Golkar termasuk partai yang cepat sadar dikerjai, dan segera mengambil opsi merapat untuk mengamankan posisi. Bahkan, merapatnya Golkar juga berbuah manis. Dua jabatan menteri menjadi kapling Golkar, setelah sebelumnya berseteru dengan PDIP sebagai oposisi.
PPP dan hanura, adalah dua partai korban Devide At Impera PDIP, melalui otoritas kemenkumham. PDIP, bisa mengontrol kubu mana yang akan diakomodir dengan menerbitkan SK pengurus partai yang sah. Bagi partai, tanpa SK kemenkumham berarti tidak eksis, tidak bisa ikut pemilu, tidak bisa ikut berebut jatah kekuasaan.
Demikianlah, apa yang terjadi pada PPP dan hanura. Keadaan ini, oleh rezim PDIP juga diterapkan pada kasus HTI. HTI dicabut BHP nya dengan harapan akan mati. Nyatanya ? HTI tidak terlibat perebutan kekuasaan, HTI hanya ingin berdakwah sehingga dengan atau tanpa di BHP tidak menghalangi bagi HTI untuk terus berdakwah.
Kembali ke PDIP, saat Jokowi keok Pilpres -dalam waktu yang tidak lama lagi, insyaAllah- maka seluruh koalisi partai yang dibangun akan hengkang, bedol deso meninggalkan PDIP.
Keadaan ini sama persis dengan saat Pilpres 2004, ketika Mega kalah oleh SBY, kubu partai koalisi PDIP nyebrang ke SBY. Tercatat, PAN, PPP, PKB langsung merapat ke kubu SBY.

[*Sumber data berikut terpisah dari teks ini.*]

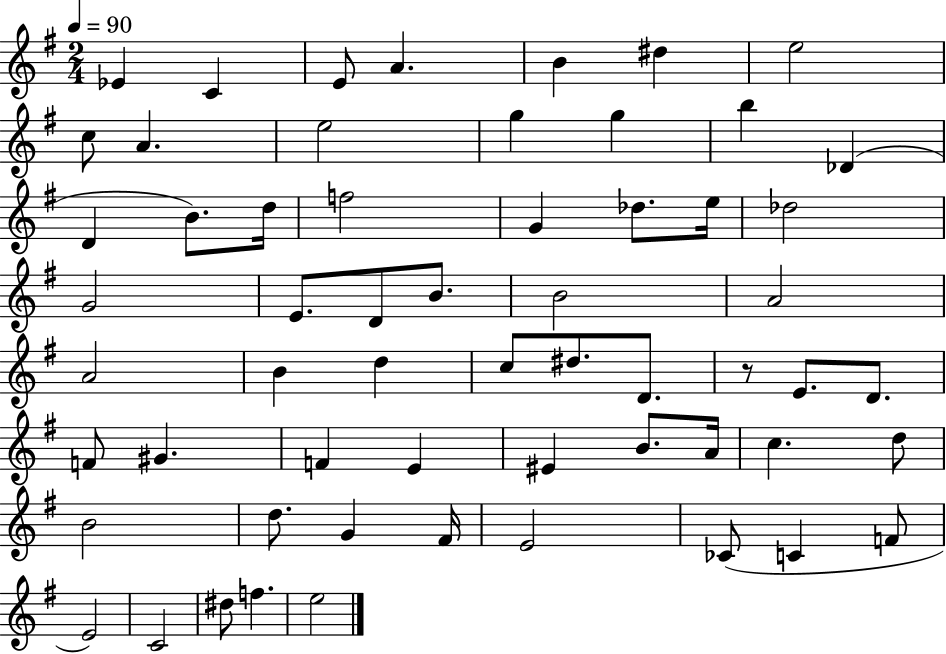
X:1
T:Untitled
M:2/4
L:1/4
K:G
_E C E/2 A B ^d e2 c/2 A e2 g g b _D D B/2 d/4 f2 G _d/2 e/4 _d2 G2 E/2 D/2 B/2 B2 A2 A2 B d c/2 ^d/2 D/2 z/2 E/2 D/2 F/2 ^G F E ^E B/2 A/4 c d/2 B2 d/2 G ^F/4 E2 _C/2 C F/2 E2 C2 ^d/2 f e2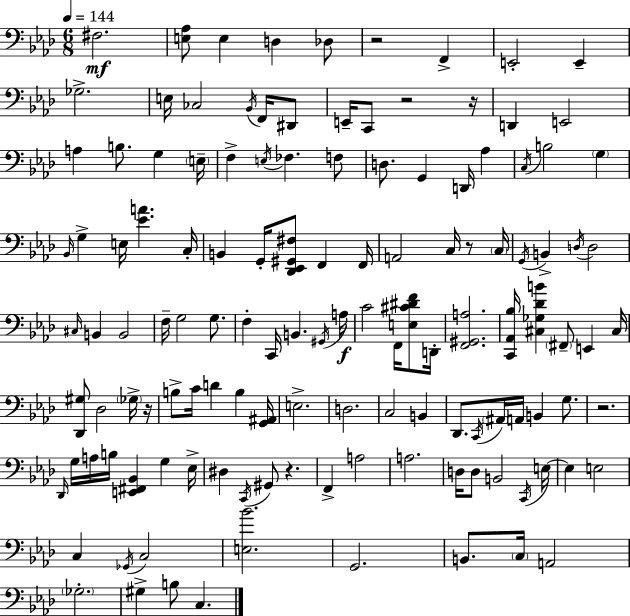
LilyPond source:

{
  \clef bass
  \numericTimeSignature
  \time 6/8
  \key f \minor
  \tempo 4 = 144
  fis2.\mf | <e aes>8 e4 d4 des8 | r2 f,4-> | e,2-. e,4-- | \break ges2.-> | e16 ces2 \acciaccatura { bes,16 } f,16 dis,8 | e,16-- c,8 r2 | r16 d,4 e,2 | \break a4 b8. g4 | \parenthesize e16-- f4-> \acciaccatura { e16 } fes4. | f8 d8. g,4 d,16 aes4 | \acciaccatura { c16 } b2 \parenthesize g4 | \break \grace { bes,16 } g4-> e16 <ees' a'>4. | c16-. b,4 g,16-. <des, ees, gis, fis>8 f,4 | f,16 a,2 | c16 r8 \parenthesize c16 \acciaccatura { g,16 } b,4-> \acciaccatura { d16 } d2 | \break \grace { cis16 } b,4 b,2 | f16-- g2 | g8. f4-. c,16 | b,4. \acciaccatura { gis,16 } a16\f c'2 | \break f,16 <e cis' dis' f'>8 d,16-. <f, gis, a>2. | <c, aes, bes>16 <cis ges des' b'>4 | \parenthesize fis,8-- e,4 cis16 <des, gis>8 des2 | \parenthesize ges16-> r16 b8-> c'16 d'4 | \break b4 <g, ais,>16 e2.-> | d2. | c2 | b,4 des,8. \acciaccatura { c,16 } | \break \parenthesize ais,16 a,16 b,4 g8. r2. | \grace { des,16 } g16 a16 | b16 <e, fis, bes,>4 g4 ees16-> dis4 | \acciaccatura { c,16 } gis,8 r4. f,4-> | \break a2 a2. | d16 | d8 b,2 \acciaccatura { c,16 } e16~~ | e4 e2 | \break c4 \acciaccatura { ges,16 } c2 | <e bes'>2. | g,2. | b,8. \parenthesize c16 a,2 | \break \parenthesize ges2.-. | gis4-> b8 c4. | \bar "|."
}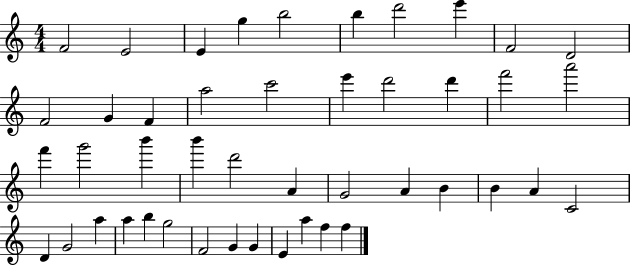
{
  \clef treble
  \numericTimeSignature
  \time 4/4
  \key c \major
  f'2 e'2 | e'4 g''4 b''2 | b''4 d'''2 e'''4 | f'2 d'2 | \break f'2 g'4 f'4 | a''2 c'''2 | e'''4 d'''2 d'''4 | f'''2 a'''2 | \break f'''4 g'''2 b'''4 | b'''4 d'''2 a'4 | g'2 a'4 b'4 | b'4 a'4 c'2 | \break d'4 g'2 a''4 | a''4 b''4 g''2 | f'2 g'4 g'4 | e'4 a''4 f''4 f''4 | \break \bar "|."
}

Pada era ini, tidak menutup kemungkinan jika PPP dan PKB akan mengulangi peristiwa 2004 meninggalkan PDIP. Adapun PAN, sejak awal telah mengambil opsi melawan PDIP.
Golkar, partai ini paling tidak dapat dipegang kesetiaannya. Golkar tidak terikat dengan koalisi, Golkar hanya terikat kepentingan dan kekuasaan. Saat Jokowi keok Pilpres, mudah sekali bagi Golkar berdalih ‘atas nama rakyat’ untuk menyebrang meninggalkan PDIP. Apalagi, secara historis Gerindra memiliki hubungan lebih dekat dengan Golkar karena faktor Prabowo yang dulu kader Golkar.
Hanura ? Partai ini tidak perlu dihitung. Pemilu 2019 adalah ajang untuk menghapus eksistensi hanura, dipastikan hanura tidak akan lolos PT. Perindo ? Jika perindo bisa menyeberang ke Jokowi karena kepentingan, bukan mustahil Perindo juga akan meninggalkan Jokowi karena kepentingan pula.
Nasdem ? Partai ini akan bermetamorfosis untuk mengunggah restorasi baru, yakni meninggalkan Jokowi dan cari posisi yang menyenangkan. Itu biasa dalam politik.
Jadi bagaimana nasib PDIP ? Menyedihkan sekali. Dipastikan suara PDIP berkurang signifikan karena isu partai penista agama. PDIP kehilangan dua porsi sekaligus, eksekutif dan legislatif. Kemungkinan, PDIP akan kembali menjadi Anjal yang rajin berdemo untuk meraih simpati. Selamat datang Oneng, dirimu akan kembali rajin berdemo karena posisi PDIP akan kembali menjadi oposisi, sendirian.
Belum lagi, bayangan balas dendam kepada PDIP yang dianggap kasar secara politik, sangat mungkin dilakukan oleh partai pemenang, penguasa pemenang. Beberapa petinggi partai, dan lini kekuasaan yang zalim ketar-ketir menunggu hari pembalasan. PDIP ? Dipastikan MADESU. (*)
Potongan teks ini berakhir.